Michael Horn, who had served as VW’s US president and chief executive since 2014, was not quoted in the company’s three-paragraph statement announcing his immediate exit from the firm after more than 25 years of service.
VW said Horn’s resignation was by “mutual agreement” and he would be “leaving to pursue other opportunities effective immediately”.
The company did not explain why Horn was leaving the company now – six months after VW was caught using “default device” software to systematically cheat on US regulators’ tests.
Martin Winterkorn, the global CEO of VW, resigned in September 2015 in the near-immediate aftermath of the scandal, which has wiped billions of euros of VW’s market value and left the company facing fines of as much as $20bn and a criminal investigation by the US Department of Justice.
It was revealed last week that Winterkorn was told about the illegal emissions crisis more than a year before the company admitted it to regulators.
Horn has at times appeared frustrated with the German company’s handling of the crisis. When he was called before the US Congress in October, he denied any prior knowledge of the software, and said its installation was not a corporate decision. “I agree it’s very hard to believe,” he told lawmakers. “Personally, I struggle too.”
Herbert Diess, CEO of Volkswagen brand, said: “I want personally to say ‘thank you’ to Michael Horn for the great work he has done for the brand and with the dealers in the United States. During his time in the US, Michael Horn built up a strong relationship with our national dealer body and showed exemplary leadership during difficult times for the brand.”
Horn will be replaced on an interim basis by Hinrich Woebcken, who was recently appointed head of VW in North America.
A federal judge has given the company until 24 March to reach an agreement with the government on recalling the affected vehicles.

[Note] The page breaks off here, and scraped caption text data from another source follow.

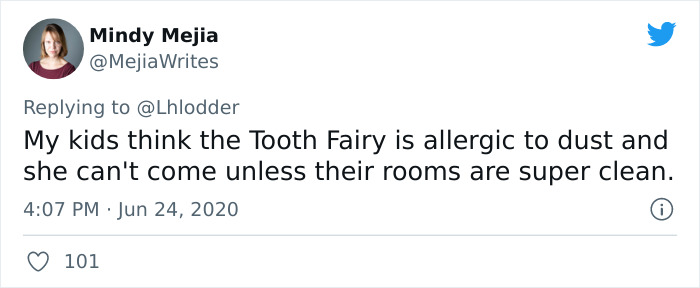 Parents Online Reveal 30 Little Lies They Tell Their Kids That They’re Considering Parenting Hacks Parents Online Reveal 30 Little Lies They Tell Their Kids That They’re Considering Parenting Hacks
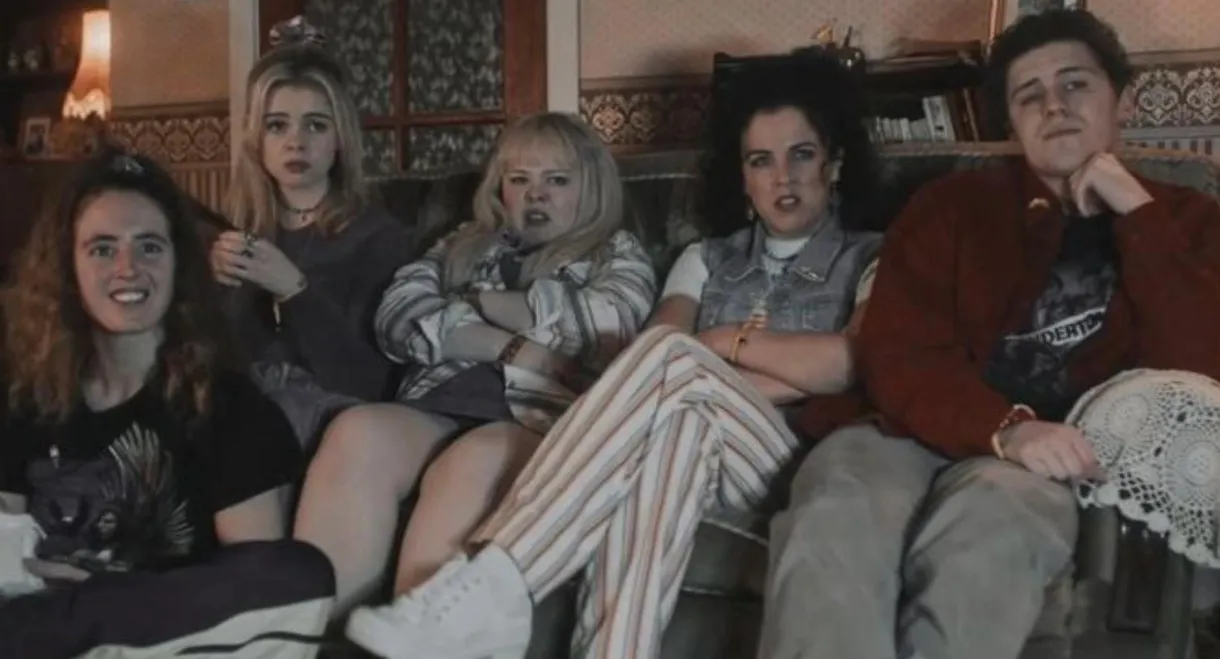 Derry Girls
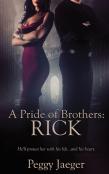 A Pride Of Brothers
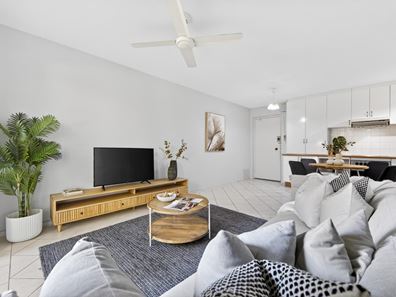 10/1 Clydesdale Street, Como WA 6152
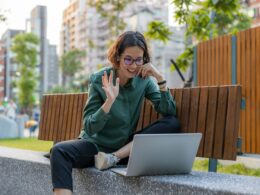 Brasil possui os colaboradores menos estressados da América Latina, aponta estudo realizado pela Betterfly / Foto: Resume Genius / Unsplash
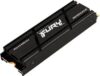 PC Components/ SSD/ Kingston Fury Renegade 1TB PCIe Gen 4.0 NVMe M.2 Internal Gaming SSD with Heat Sink SFYRSK/1000G - Image 2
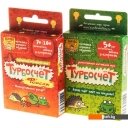 Настольные игры Банда умников Турбосчёт Форсаж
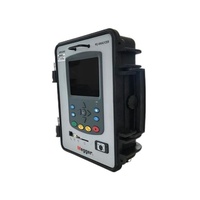 Analizador de Calidad de Energía MPQ2000, Alta Precisión, 220V, Protección IP20, 1 Año de Garantía, 1 Año de Duración de la Batería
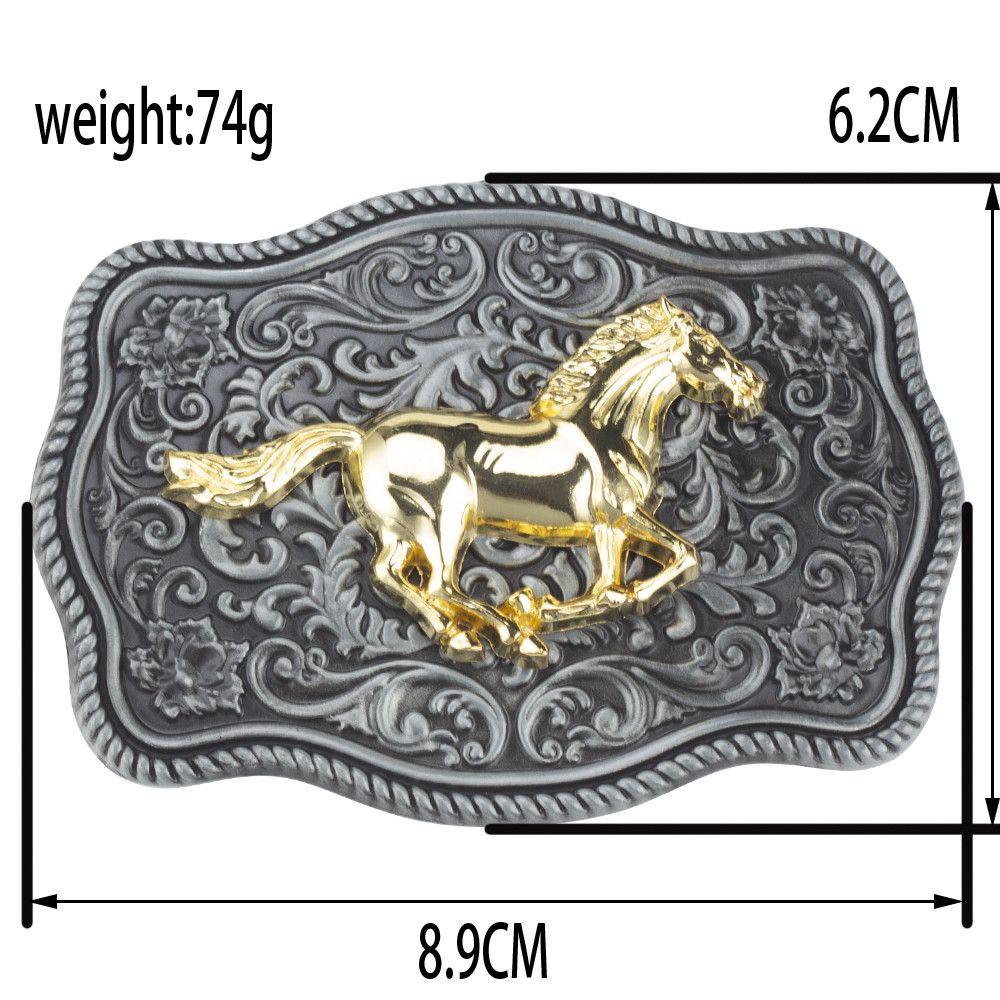 Designer Rare Vintage Belt Riveted Belts Menswear Accessories Size ONE SIZE - 3 Thumbnail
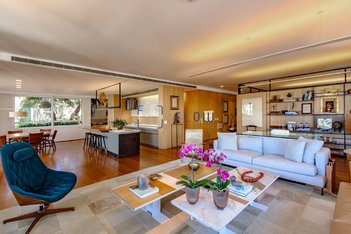 apartment em Rua Salvador Cardoso, Itaim Bibi - São Paulo - SP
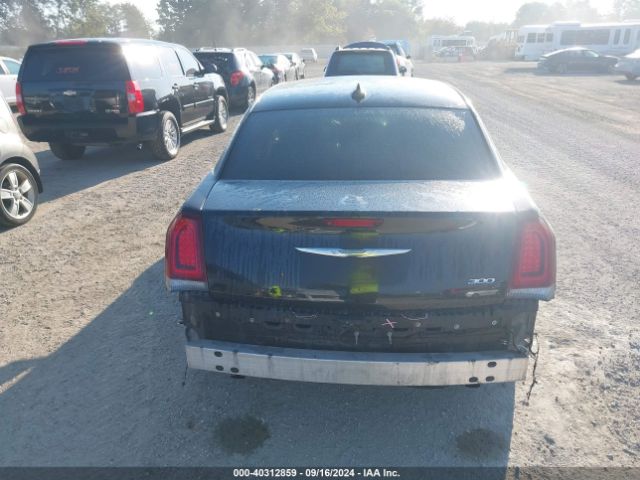 2C3CCABG0HH582472 Chrysler 300 300s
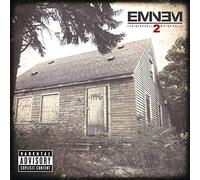 Eminem - Marshall Mathers LP 2 - Vinyl Record - E1111z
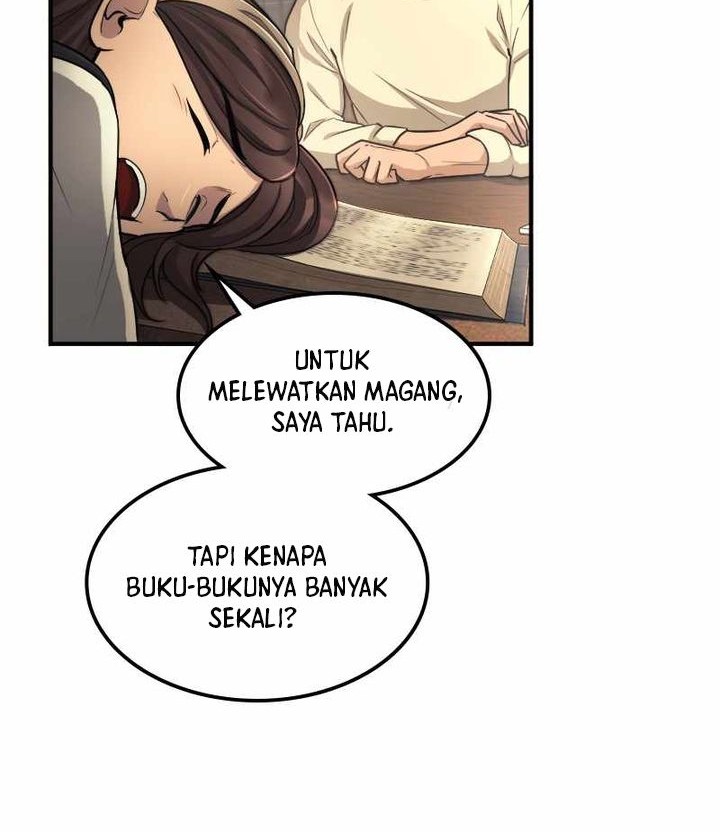 Paranoid Mage Chapter 23 Gambar 55
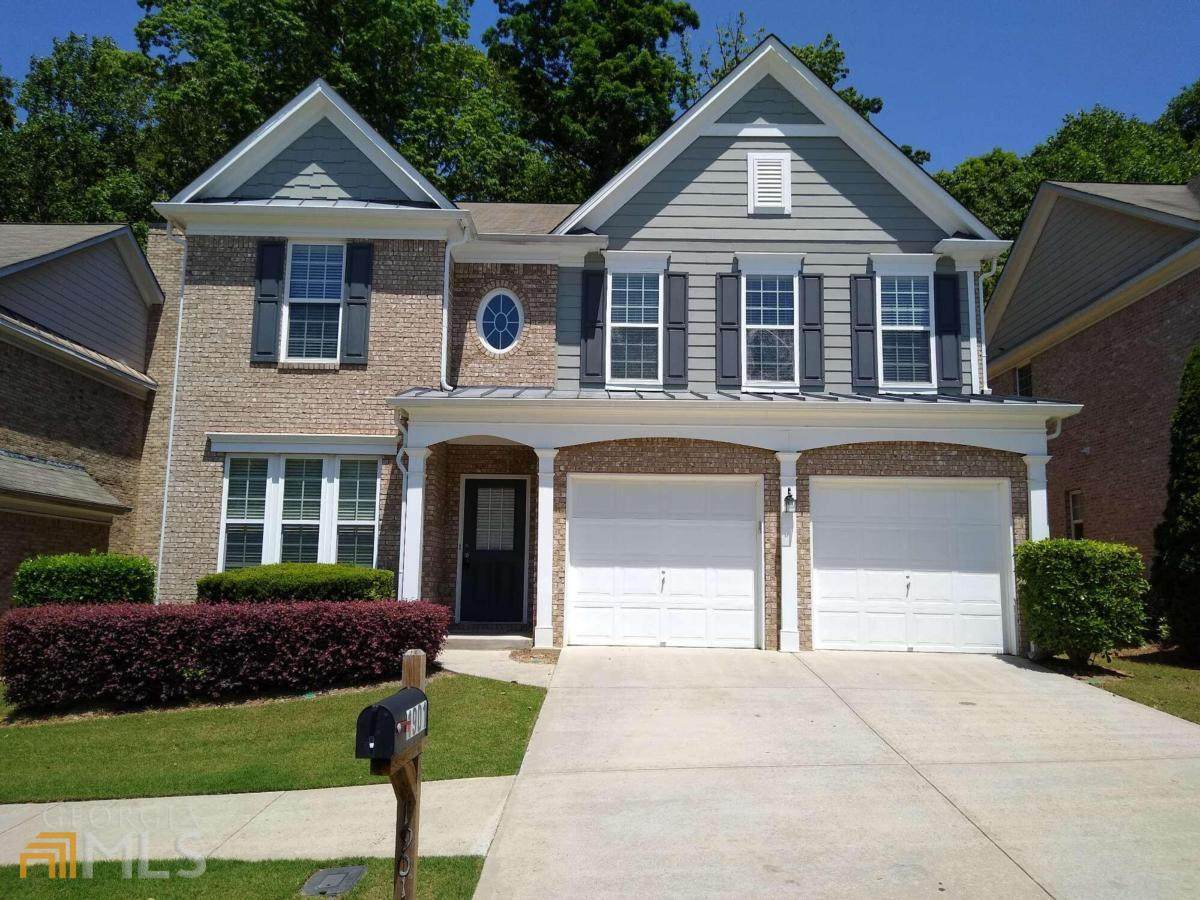 1901 Fosco Drive - Photo 1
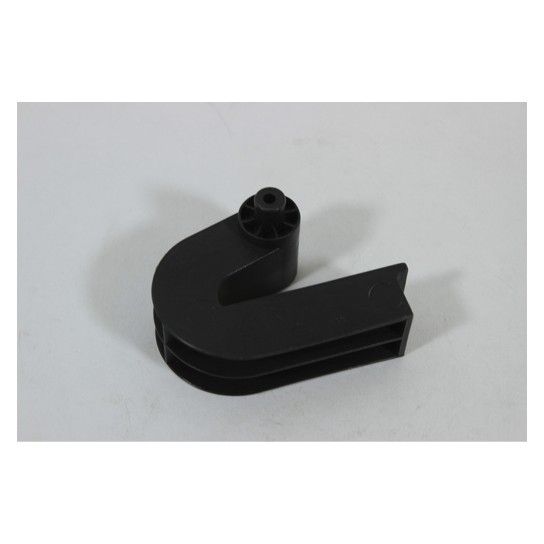 RH ROTATION SHAFT, STORAGE BOX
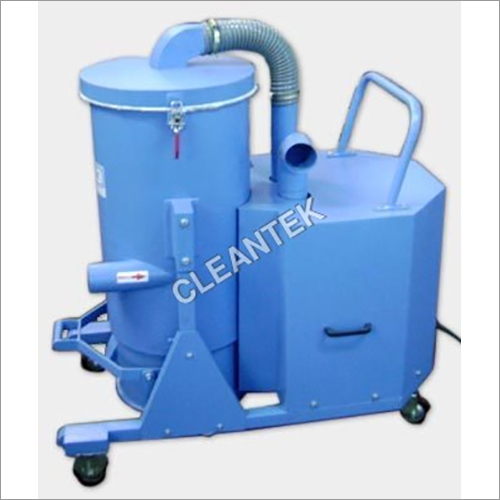 Heavy Duty Wet Vacuum Cleaner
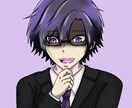 イラスト描きます 要望下さればなるべく添えるように頑張ります。 イメージ6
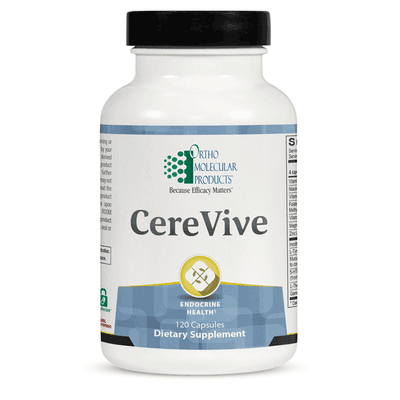 Cerevive (120 capsules)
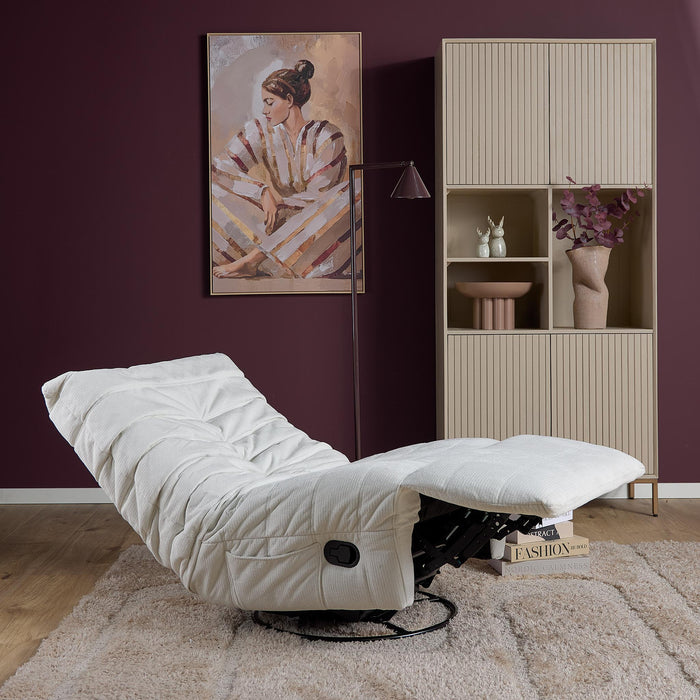 Relaxfauteuil Zen Naturel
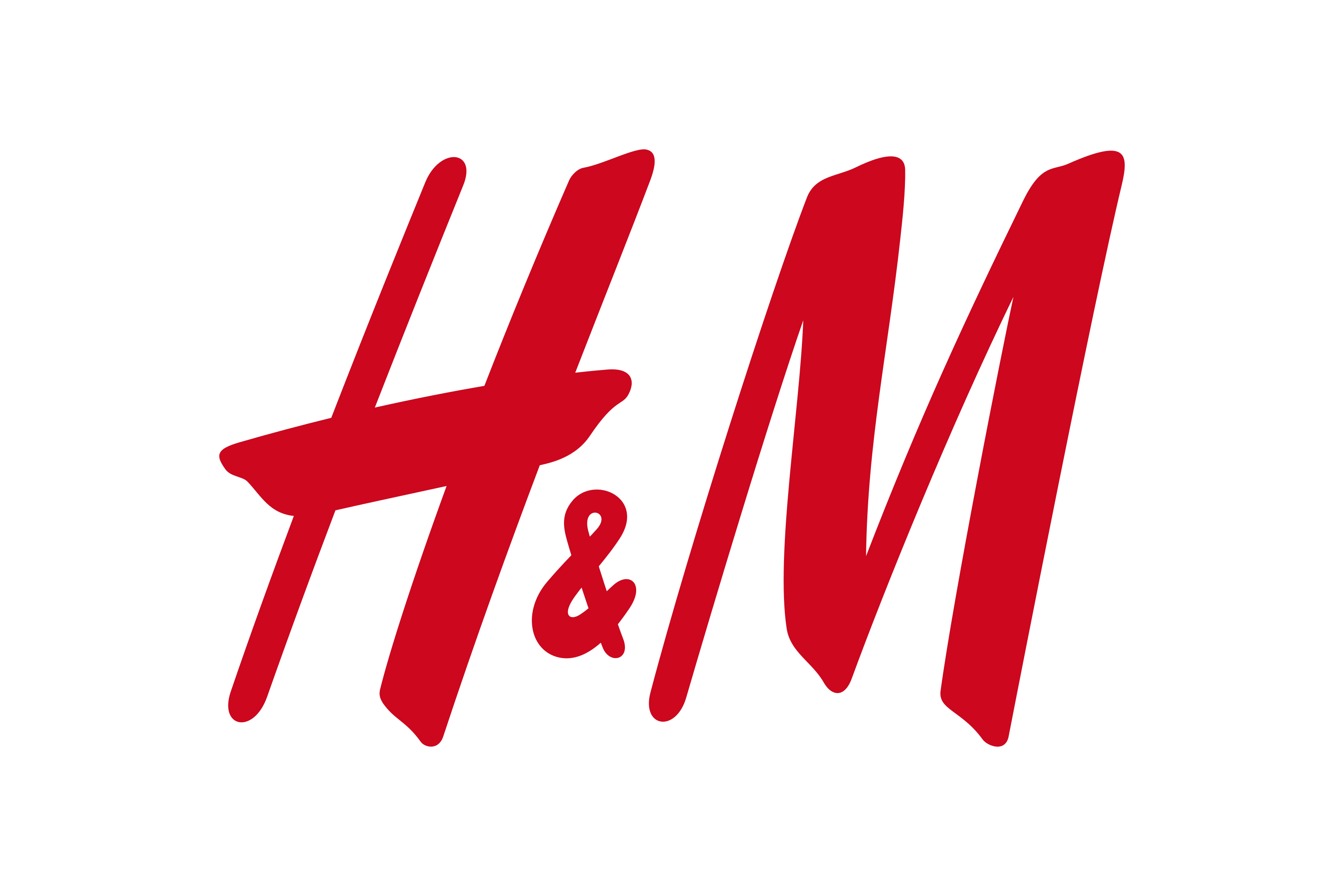 Logo H&M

Both state and federal regulators will have to sign off on any planned recall. VW has not indicated whether it will be able to meet the deadline.
The “defeat device”, which dramatically reduced VW diesel emissions only when cars were undergoing regulatory tests not when they were on the road, was installed in 6000,000 vehicles in the US and 11m across the world.
VW has set aside €6.7bn to deal with the costs of recalling and fixing cars across the world, but penalties in the US lawsuit could cost Volkswagen more than $30,000 per vehicle, which could total as much as $20bn. Analysts have warned that the total cost of the scandal could be as high as €78bn, which would be 60% more than the Deepwater Horizon disaster cost BP.